Problem requirements -> Every line of the material needs an exact copy, apart from the images.

Material provided ->
......

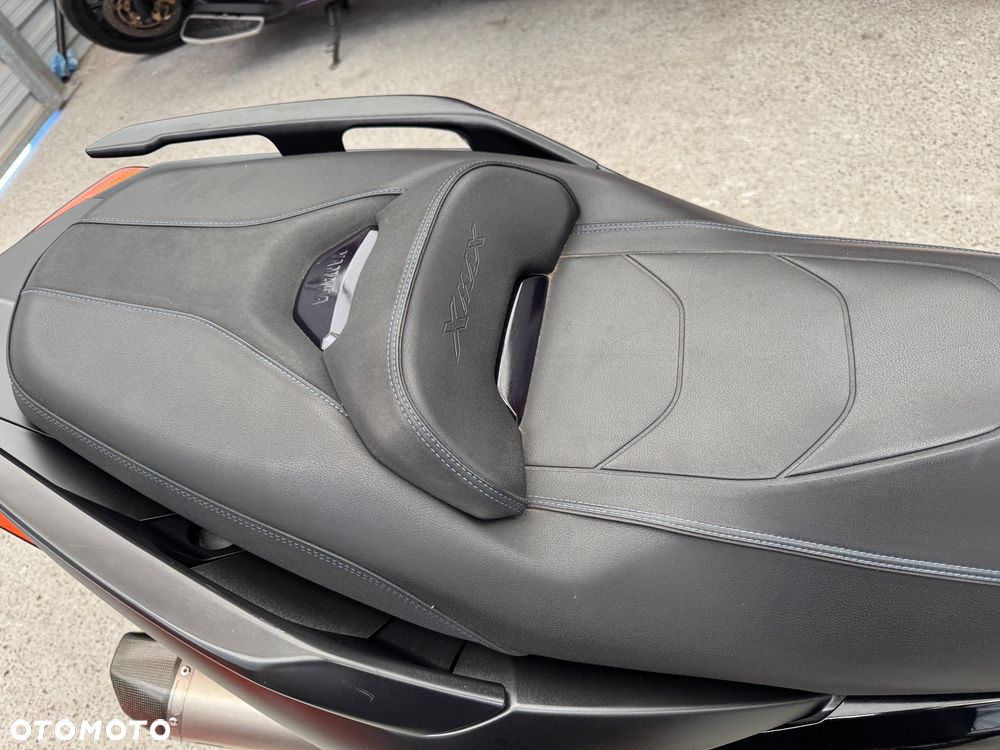 Yamaha X-max - 10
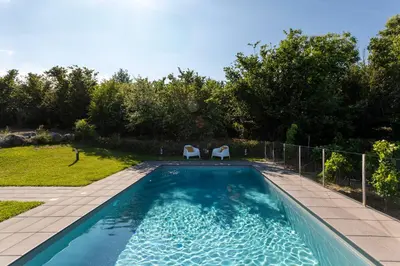 Piscina di VIGNE DELL'ETNA 6, Emma Villas o nelle vicinanze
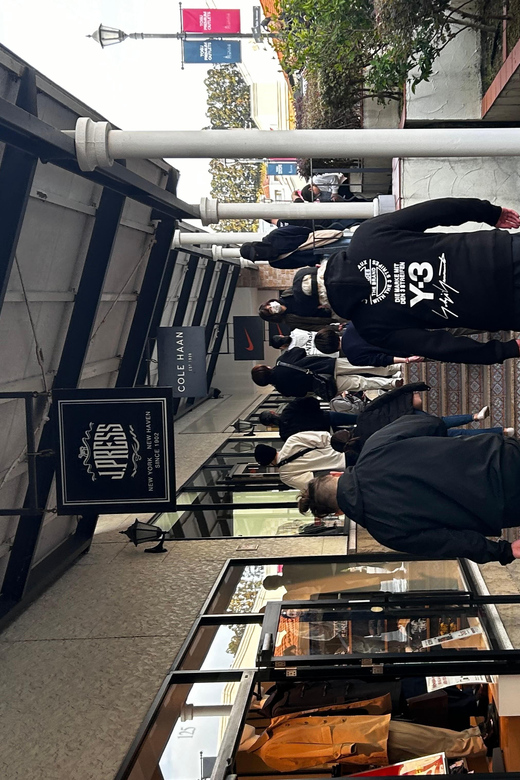 Outlet Shopping and Yatai Tour - What the guides add to the day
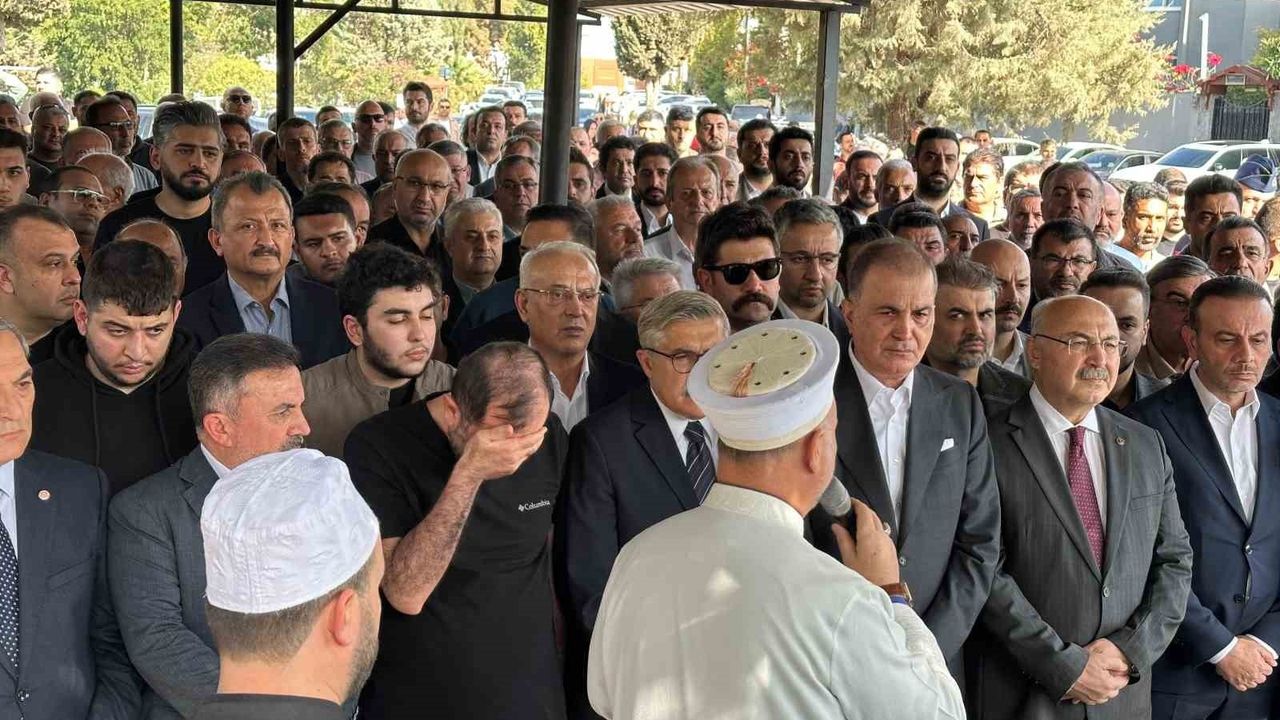 AK Parti Sözcüsü Ömer Çelik'in dayısı Hasan Öztopal toprağa verildi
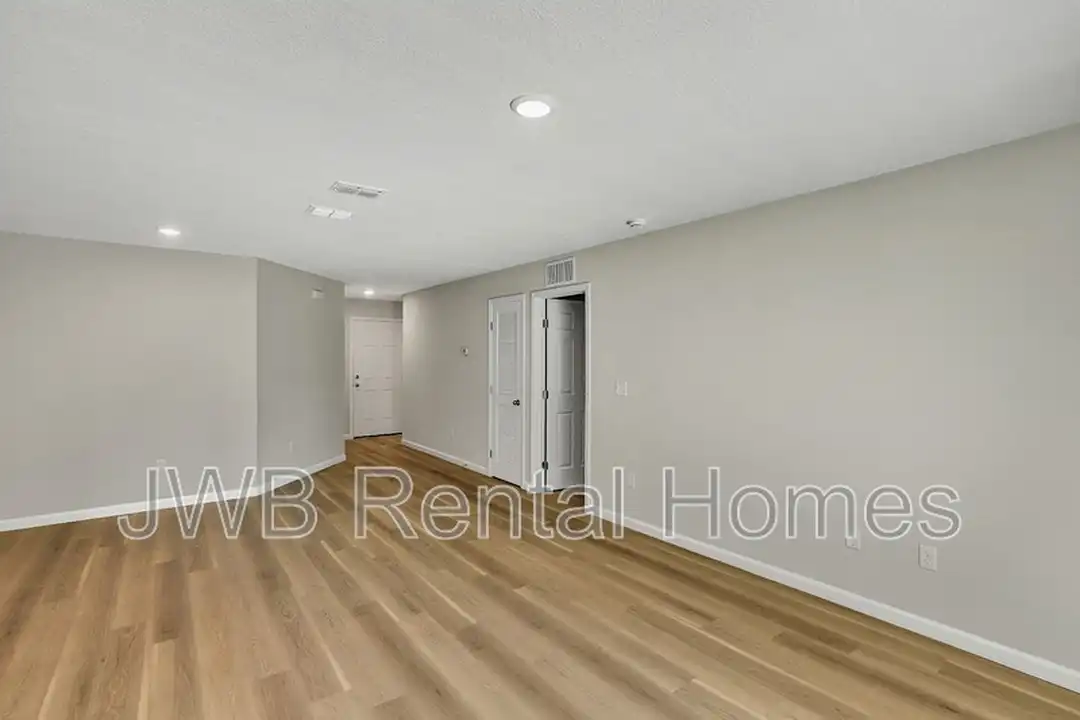 9141 12th Ave – pohled 6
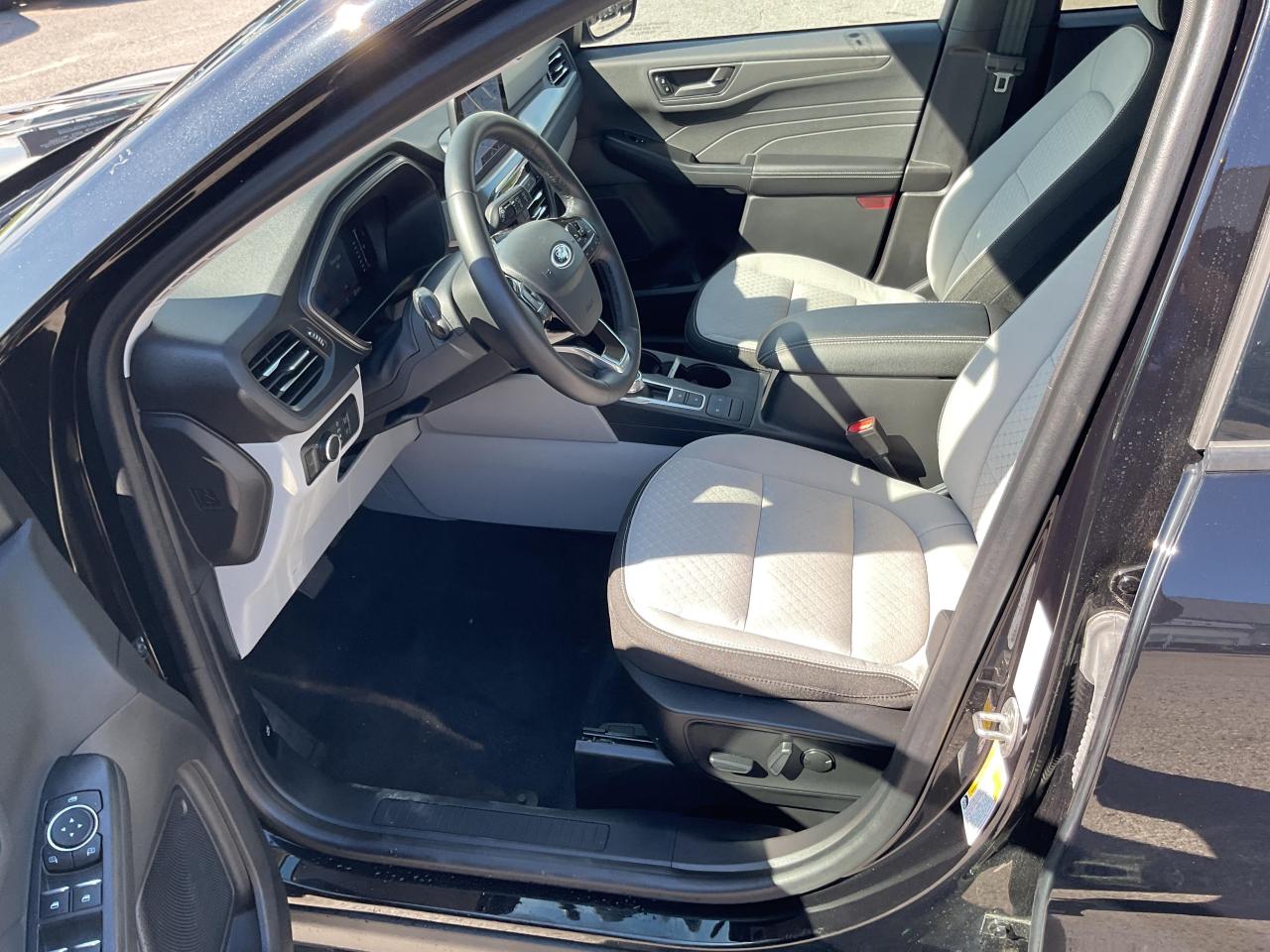 2024 Ford Escape Active 4dr Front-Wheel Drive Photo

......

Result ->
 Yamaha X-max - 10
 Piscina di VIGNE DELL'ETNA 6, Emma Villas o nelle vicinanze
 Outlet Shopping and Yatai Tour - What the guides add to the day
 AK Parti Sözcüsü Ömer Çelik'in dayısı Hasan Öztopal toprağa verildi
 9141 12th Ave – pohled 6
 2024 Ford Escape Active 4dr Front-Wheel Drive Photo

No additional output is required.